Jensen Huang's Podcast Transcript: NVIDIA's Moat Runs Much Deeper Than Chips
- Core Viewpoint: NVIDIA's core moat is not merely its chip hardware or supply chain advantages, but lies in its end-to-end system capability of "converting electrons into Tokens." This encompasses the synergistic operation from its computing architecture and CUDA software ecosystem to its developer network, positioning it as the infrastructure definer for the AI era.
- Key Elements:
- NVIDIA's competitive advantage stems from the path dependency formed by the CUDA ecosystem. The world's largest AI developers, frameworks, and models are bound to its technology stack, making it difficult to replace.
- The key to AI competition lies in the combinatorial optimization of "compute stack × algorithms × systems engineering," which delivers performance improvements far exceeding those from relying solely on process advancements.
- NVIDIA's strategy is to "do everything necessary, but not everything." For instance, it does not enter the cloud computing business but instead expands the overall market size through investments and ecosystem support.
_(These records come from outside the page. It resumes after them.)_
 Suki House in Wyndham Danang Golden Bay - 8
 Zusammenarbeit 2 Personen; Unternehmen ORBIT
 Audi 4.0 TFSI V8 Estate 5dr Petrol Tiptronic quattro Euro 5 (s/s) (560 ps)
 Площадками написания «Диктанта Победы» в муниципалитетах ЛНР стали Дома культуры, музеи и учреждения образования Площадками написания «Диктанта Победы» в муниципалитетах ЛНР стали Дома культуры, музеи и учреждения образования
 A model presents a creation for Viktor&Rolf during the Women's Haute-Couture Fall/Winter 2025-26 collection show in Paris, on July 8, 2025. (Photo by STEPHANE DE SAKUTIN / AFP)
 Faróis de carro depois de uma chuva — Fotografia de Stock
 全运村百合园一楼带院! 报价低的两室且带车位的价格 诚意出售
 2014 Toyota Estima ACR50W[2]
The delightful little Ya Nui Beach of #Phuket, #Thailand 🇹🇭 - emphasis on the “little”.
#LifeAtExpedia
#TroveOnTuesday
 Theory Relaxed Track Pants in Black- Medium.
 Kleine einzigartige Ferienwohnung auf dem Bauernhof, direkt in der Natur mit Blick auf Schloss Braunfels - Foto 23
- The real long-term strategic risk is not competitors gaining computing power, but the possibility that the global AI ecosystem may no longer be based on the US (NVIDIA) technology stack, leading to a shift in industry dominance.
- AI software will not become commoditized because of AI. On the contrary, with the proliferation of Agents, tool invocation will grow exponentially, further amplifying the value of software.
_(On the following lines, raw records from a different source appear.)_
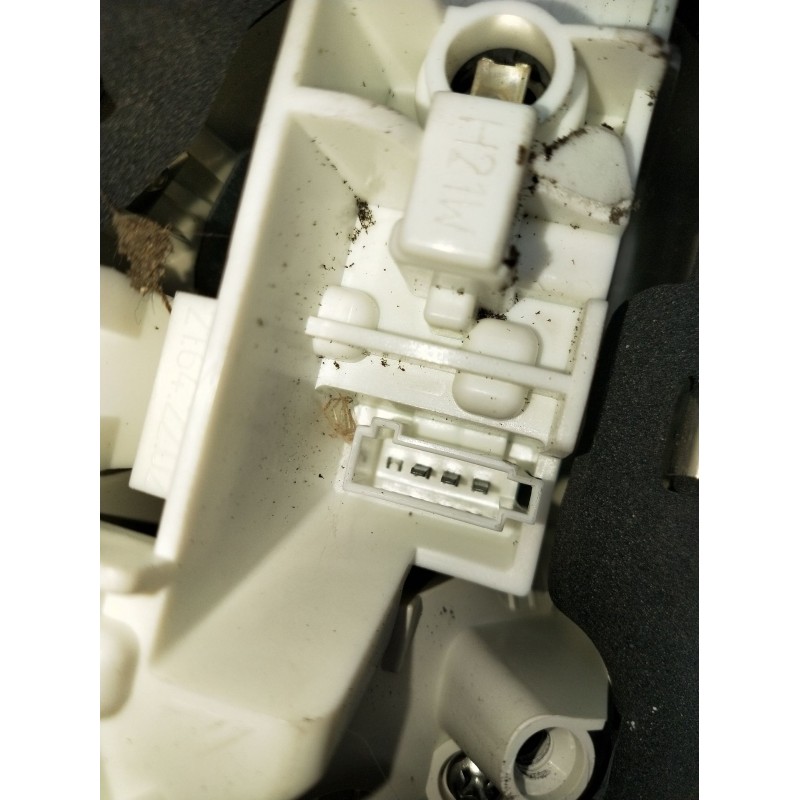 Recambio de piloto trasero derecho interior para opel astra j (p10) 1.6 (68) referencia OEM IAM   2010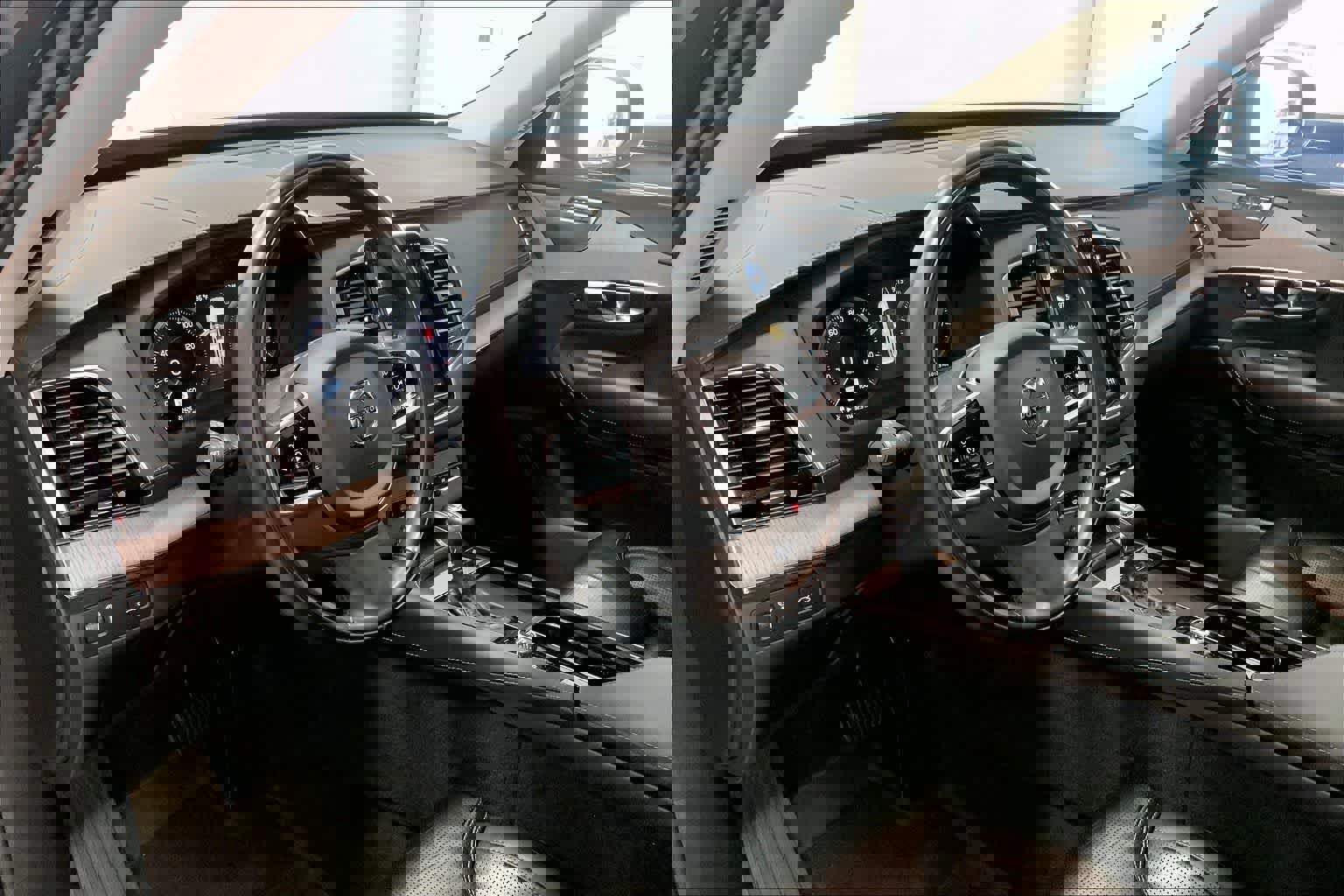 Used 2021 Volvo XC90 T6 Inscription w/ Climate Package image 2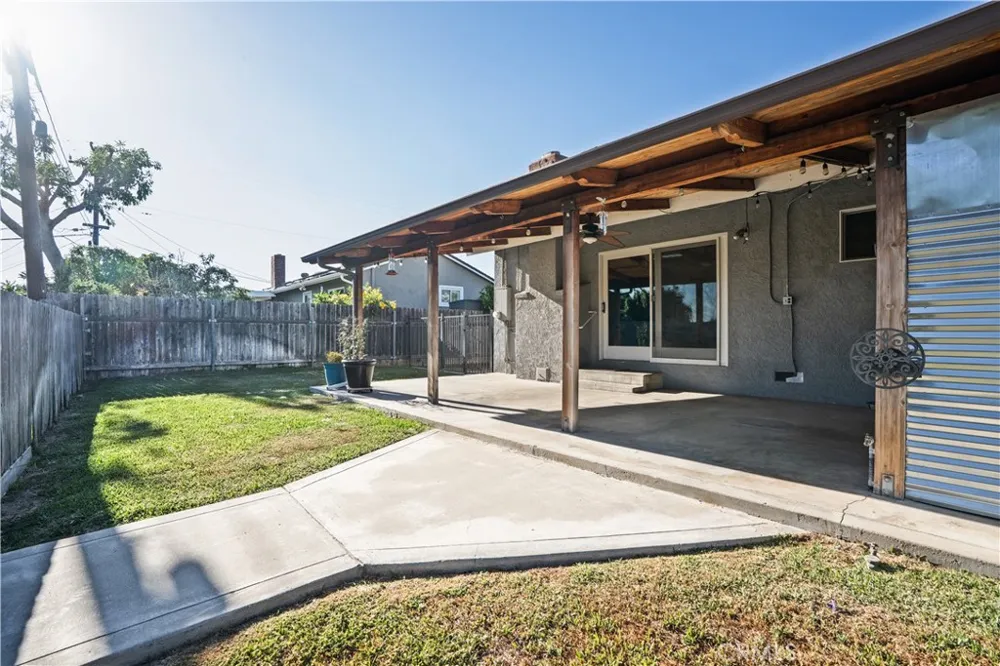 1420 Sansinena La Habra, CA 90631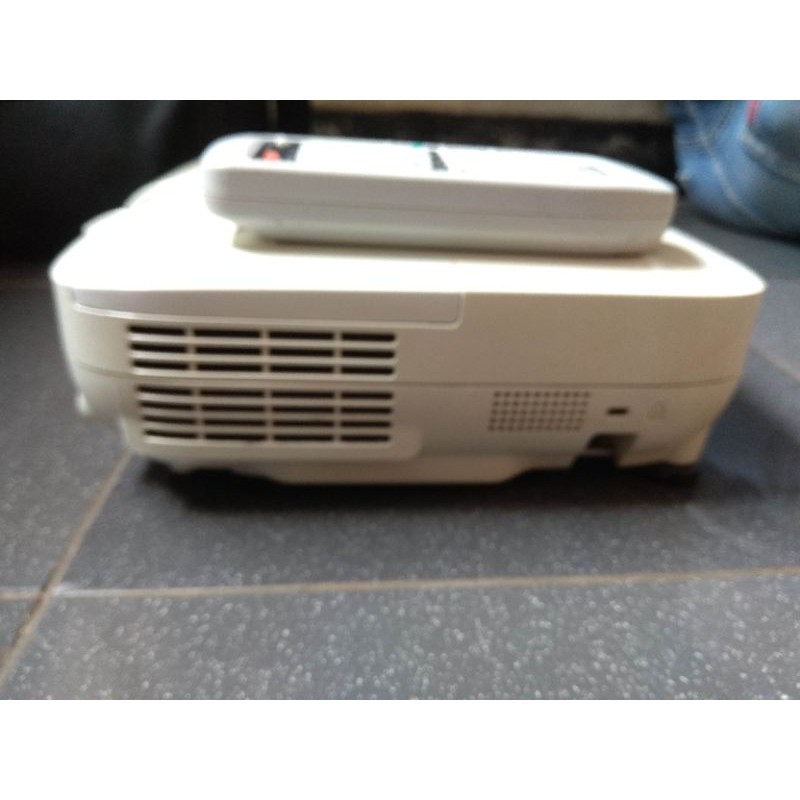 Projector Epson EB X9
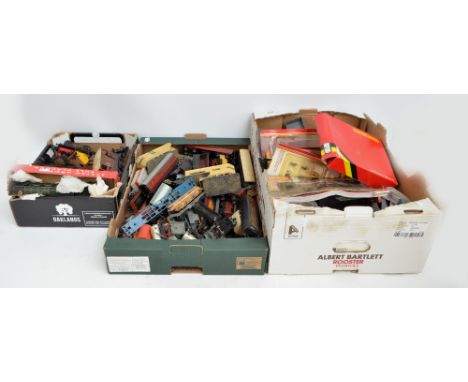 A quantity of loose predominantly Hornby (Meccano, Dublo, etc) 00 gauge model trains, accessories and track furniture (also i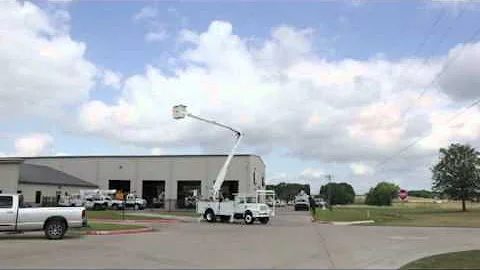 Utility Fleet Sales - 60' Altec Used Bucket Truck for Sale 12132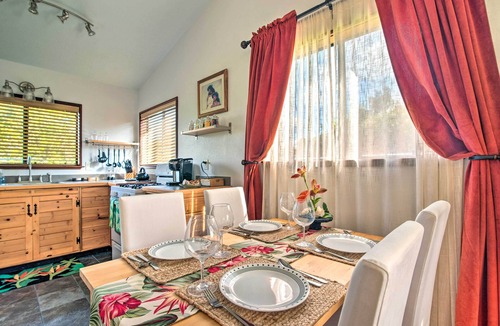Mountain View Apartment | 'Fern Cottage' Island Escape with Rainforest View!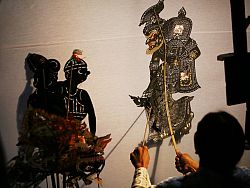 Nang Talung (shadow puppets) – traditional cultural shows of Southern Thailand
- The computing power bottleneck is a short-term issue; supply will catch up with demand within 2-3 years. The real long-term constraints are energy and infrastructure.
Video Title: Jensen Huang: – Will Nvidia's Moat Persist?
Video Author: Dwarkesh Patel
Compiled by: Peggy, BlockBeats
Editor's Note: While the outside world continues to debate whether "Nvidia's moat comes from its supply chain," this conversation posits that what is truly difficult to replicate is not the chips themselves, but the entire system capability of "transforming electrons into Tokens"—that is, the synergistic operation from computing architecture and software systems to the developer ecosystem.
This article is compiled from a conversation between Dwarkesh Patel and Jensen Huang. Dwarkesh Patel is one of the most-watched tech podcast hosts in Silicon Valley today, running the YouTube channel Dwarkesh Podcast, known for in-depth research-oriented interviews and long-term dialogues with AI researchers and key figures in the tech industry.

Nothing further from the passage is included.